+++ INPUT FOR THIS TASK +++
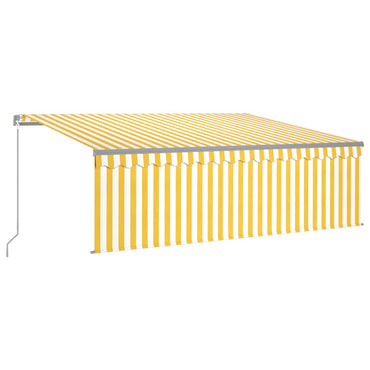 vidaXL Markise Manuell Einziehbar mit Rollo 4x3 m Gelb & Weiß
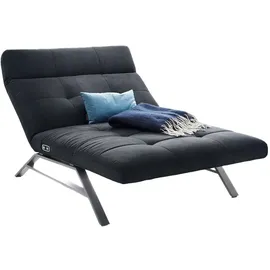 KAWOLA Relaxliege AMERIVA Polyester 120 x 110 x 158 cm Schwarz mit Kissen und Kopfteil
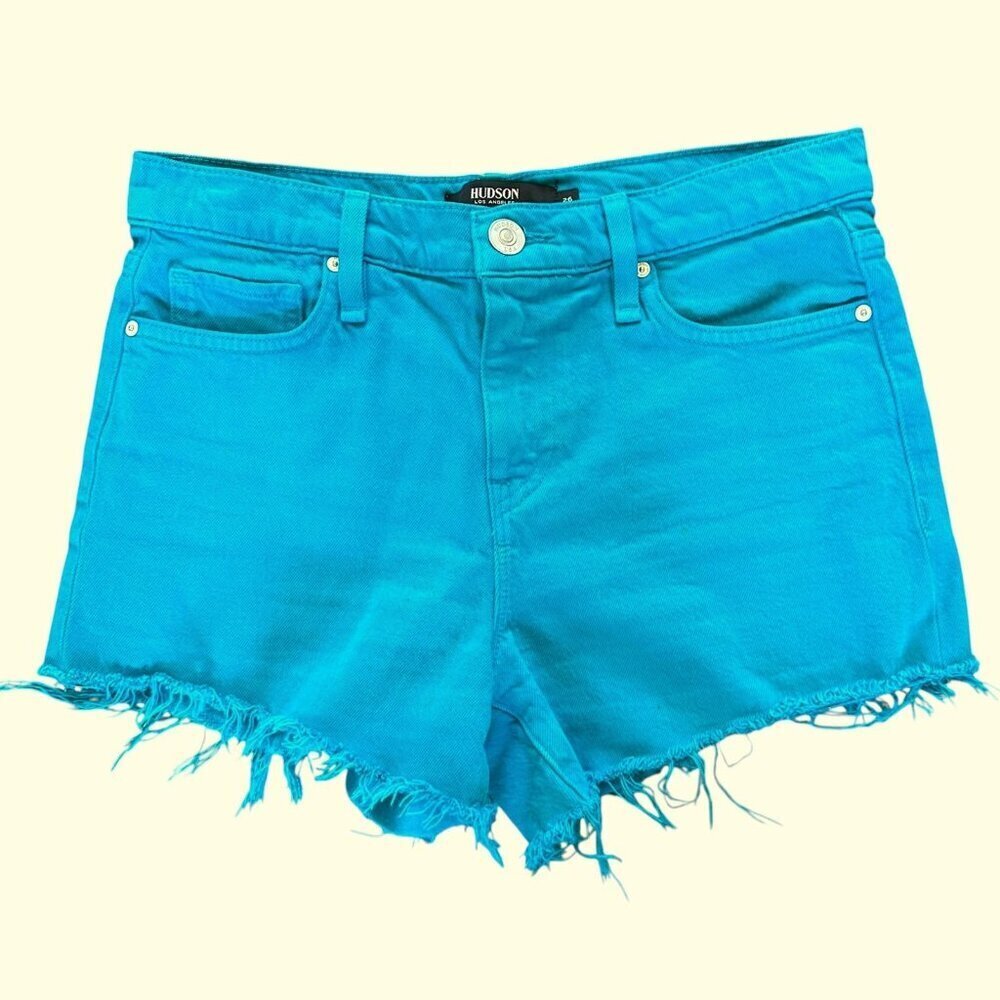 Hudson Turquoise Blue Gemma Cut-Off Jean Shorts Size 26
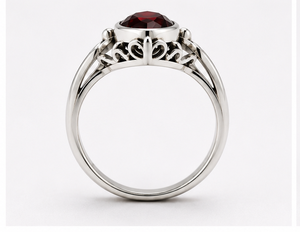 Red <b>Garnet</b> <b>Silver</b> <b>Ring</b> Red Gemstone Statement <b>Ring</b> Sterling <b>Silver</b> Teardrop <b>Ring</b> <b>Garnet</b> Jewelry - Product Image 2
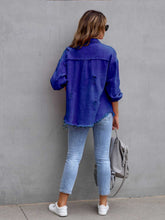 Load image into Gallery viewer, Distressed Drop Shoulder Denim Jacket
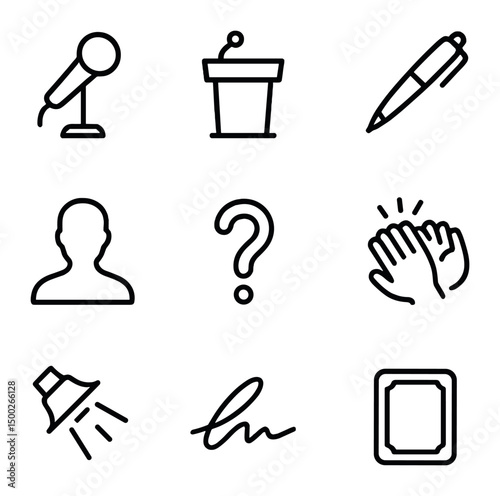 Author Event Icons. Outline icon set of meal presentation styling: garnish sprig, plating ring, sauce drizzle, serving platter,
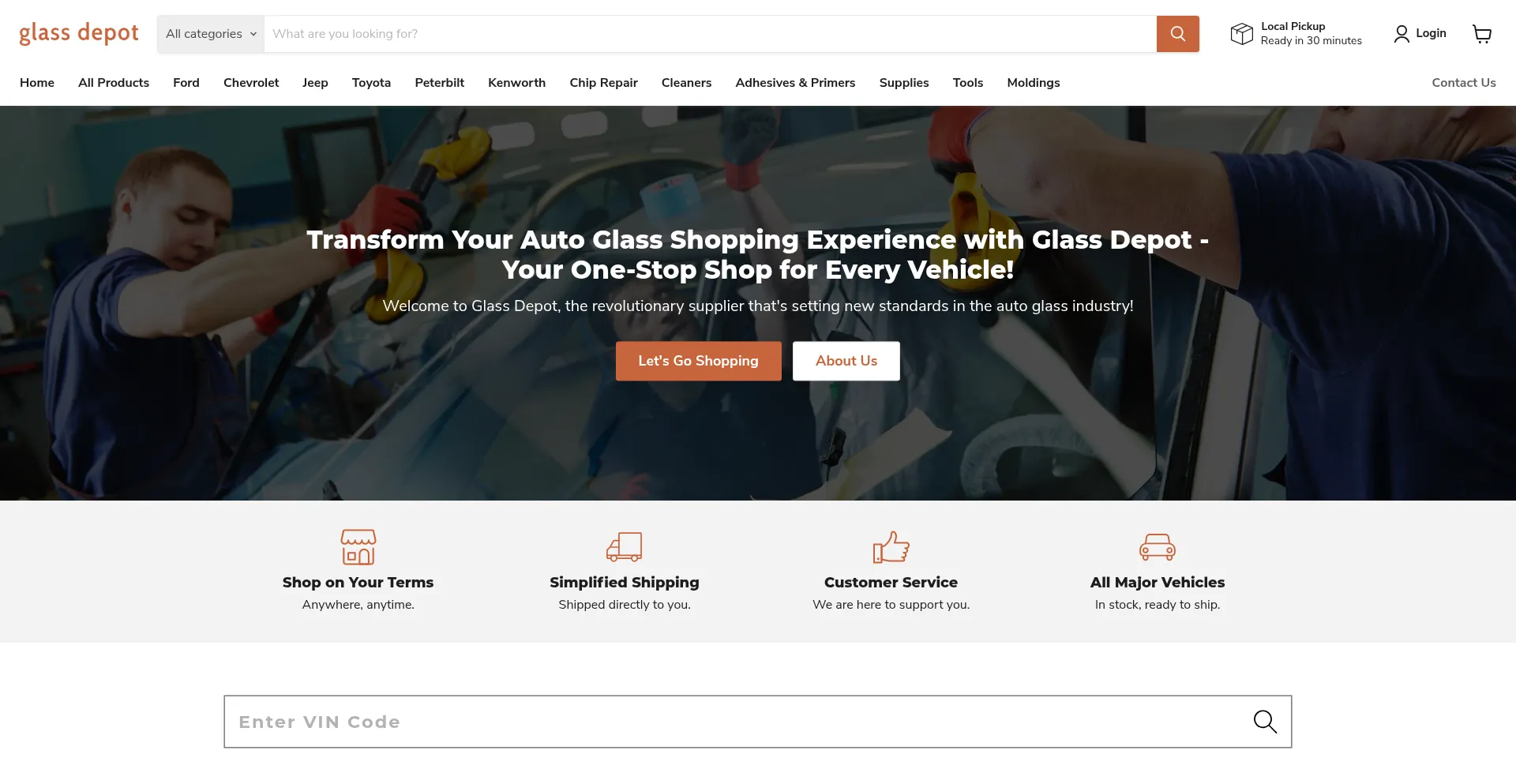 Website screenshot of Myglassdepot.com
+++
+++ INPUT FOR THIS TASK +++
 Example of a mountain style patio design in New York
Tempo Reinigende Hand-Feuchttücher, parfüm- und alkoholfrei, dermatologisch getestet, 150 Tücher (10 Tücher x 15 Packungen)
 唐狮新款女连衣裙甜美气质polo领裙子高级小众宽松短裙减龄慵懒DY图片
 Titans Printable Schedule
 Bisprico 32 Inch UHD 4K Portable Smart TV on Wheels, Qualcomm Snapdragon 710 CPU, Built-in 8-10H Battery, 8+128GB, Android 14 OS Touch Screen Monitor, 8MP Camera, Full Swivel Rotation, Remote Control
+++
ASSIGNMENT
How would the lines above read from the one with "vidaXL Markise Manuell" to the one with "Website screenshot of Myglassdepot.com", inclusive, with no pictures? Write them out exactly.

OUTPUT FOR THIS TASK
 vidaXL Markise Manuell Einziehbar mit Rollo 4x3 m Gelb & Weiß
 KAWOLA Relaxliege AMERIVA Polyester 120 x 110 x 158 cm Schwarz mit Kissen und Kopfteil
 Hudson Turquoise Blue Gemma Cut-Off Jean Shorts Size 26
 Red <b>Garnet</b> <b>Silver</b> <b>Ring</b> Red Gemstone Statement <b>Ring</b> Sterling <b>Silver</b> Teardrop <b>Ring</b> <b>Garnet</b> Jewelry - Product Image 2
 Load image into Gallery viewer, Distressed Drop Shoulder Denim Jacket
 Author Event Icons. Outline icon set of meal presentation styling: garnish sprig, plating ring, sauce drizzle, serving platter,
 Website screenshot of Myglassdepot.com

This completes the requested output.